» **How to complete this task**
Could you retype only the lines from the one containing "fluke-27-heavy-duty-test-lead-set" through the final line of the entries, both included, skipping any images?

^^^^^^^^

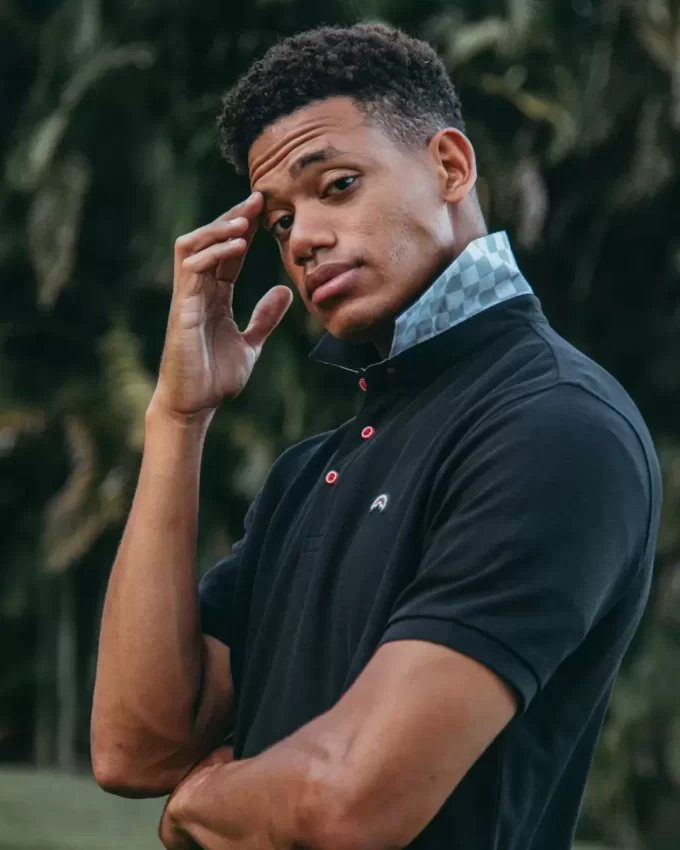 ROSE ALL DAY PIMA COTTON MADE IN PERU POLO ROSE ALL DAY PIMA COTTON MADE IN PERU POLO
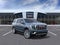 2027 GMC Yukon XL Denali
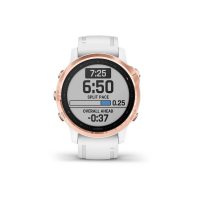 Smartwatch Garmin 010-02159-11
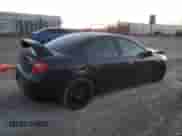 2005 Dodge Neon SRT-4 with VIN 1B3ES66S25D178425, listed as a Copart auction lot 80984614 with 134,234 mi miles and Clean title. Bid and sale history available at DreamBid. Image 3.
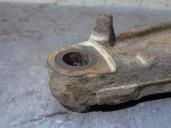 Recambio de brazo suspension inferior delantero derecho para renault trafic (desde 5.89) 1.9 diesel referencia OEM IAM 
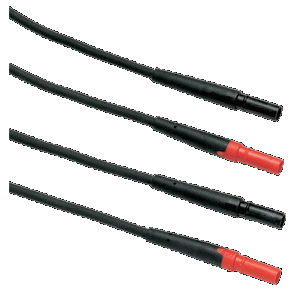 fluke-27-heavy-duty-test-lead-set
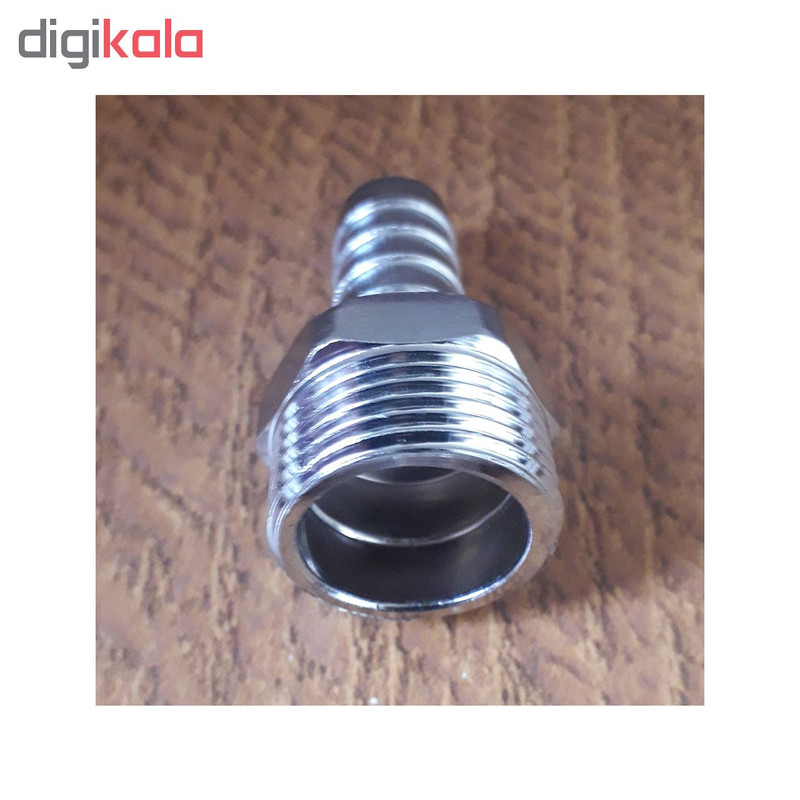 سر شیر آب کد 34 سر شیر آب کد 34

^^^^^^^^

» **Result of the task**
 fluke-27-heavy-duty-test-lead-set
 سر شیر آب کد 34 سر شیر آب کد 34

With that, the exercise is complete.